The New Satellite Internet

Communications_satellite_(PSF)A new satellite Internet service launched earlier this year. I’ve been meaning to write about this and was prompted by seeing them in a booth at a rodeo I went to on Saturday. The service is provided by ViaSat under the brand name of Exede. They launched a new satellite, the ViaSat-1, last October for the sole purpose of selling rural broadband.

The broadband they are selling is a big step up over other previous satellite broadband, including earlier products offered by ViaSat. The basic broadband product offers up to 12 Mbps download and 3 Mbps upload. I went to the web and read reviews and people are saying that they are actually getting those speeds and in some cases even a little more.
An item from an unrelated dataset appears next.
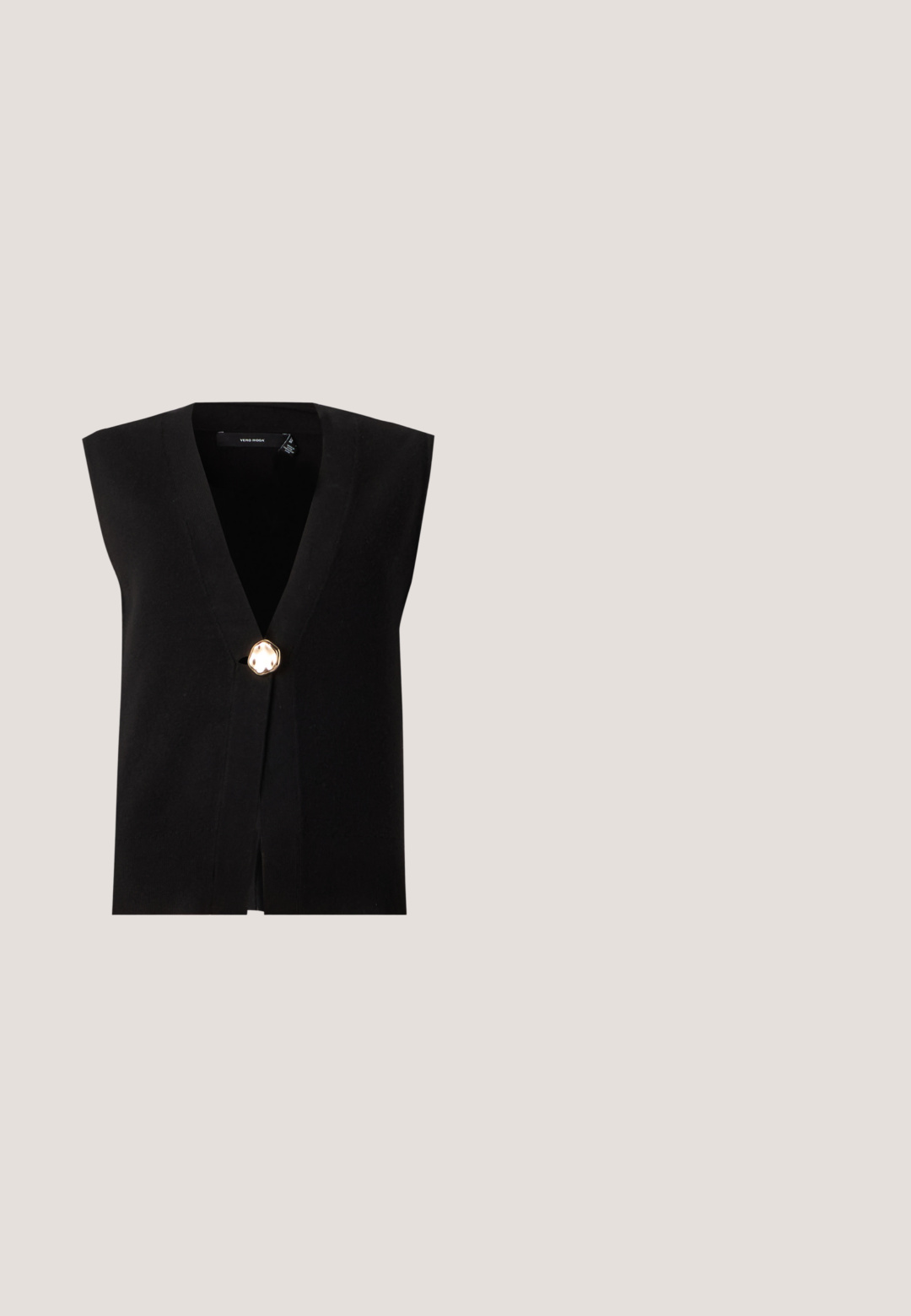 Cárdigan negro sin mangas con escote en V profundo y cierre frontal con un solo botón grande dorado.; Camisa blanca de botones hecha de algodón, con mangas largas, un cuello clásico y detalles de costura sutiles.; Pantalones negros de pierna recta con trabillas para cinturón, cremallera frontal y bolsillos laterales, mostrados sobre un fondo blanco.; Zapato de tacón slingback negro de punta afilada, hecho de cuero suave. Presenta un tacón delgado y un detalle de hebilla en la correa ajustable.; Bolso de mano de cuero negro con dos bolsillos frontales y detalles de lazos, con asas resistentes y una forma rectangular estructurada.; Pendientes de tono dorado con una forma abstracta y orgánica, que presentan una superficie texturizada y un cierre de poste trasero.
I would caution that like any broadband system, as they get more customers the satellite will get contention and the speeds will slow down.

The base product is priced at $50 per month and is a huge improvement over other satellite products. Exede’s older base product was also $50 but offered 512 kbps download and 128 kbps upload. For $79 you could get 1.5 Mbps download and 256k kbps upload.

But like everything there is a catch and that catch is data caps. The speeds are a great improvement because even web browsing at 512 kbps is nearly impossible. But the caps are a killer. For the $50 product the cap is 7 Gigabits of total download for the month. To put that into perspective, that is around 4 HD movies per month.

You can buy larger caps. For $80 per month you can get a 15 GB cap and for $130 per month you can get a 25 GB cap. If you hit the cap Exede doesn’t shut you down, but instead sets you to a very slow crawl for the rest of the month.

So obviously the satellite program is not going to be useful for anybody who wants to use the Internet for watching video or doing those kinds of things that most families use the Internet for. There can be no real gaming over a satellite connection, both due to the cap but also to the latency, since the signal bounces high above the earth and back. The latency also plays hell with voice over the Internet. You can do a mountain of emails and web surfing within that cap, but you have to always be cautious about downloading too much. Imagine if you worked from home and one of your kids watched too many videos and for the rest of the month you just crawled along at dial-up speeds.

For now this is only available on the east and west coasts and won’t be available in the middle of the country until they launch another satellite. Exede has a product in the Midwest that is $50 for up to 5 Mbps download and 1 Mbps upload, but reports are that most people there are not getting those speeds.

I am the first to say that this is a big step up in the rural areas. If I was on dial-up this would feel wonderful. But any home that gets this is not getting the same Internet that the rest of us get. One of my employees has four kids and they watch 4 – 5 hours per day of Internet video. We estimated that some months he is probably using a terabit of total download. His speeds are only half of this satellite service, but the unlimited download makes a huge difference in the way his family can use the Internet.

The scariest thing about this product is that I know that one of these days that some policy-head at the FCC is going to announce that the whole country has broadband and then they can wash their hands of the rural broadband gap. This is the fastest download speeds that anybody has brought to much of rural America. But anybody on this service is going to be so throttled by the data caps that they are not going to be able to use the Internet like the rest of us. So this is a good service, but it’s not broadband – it’s something else.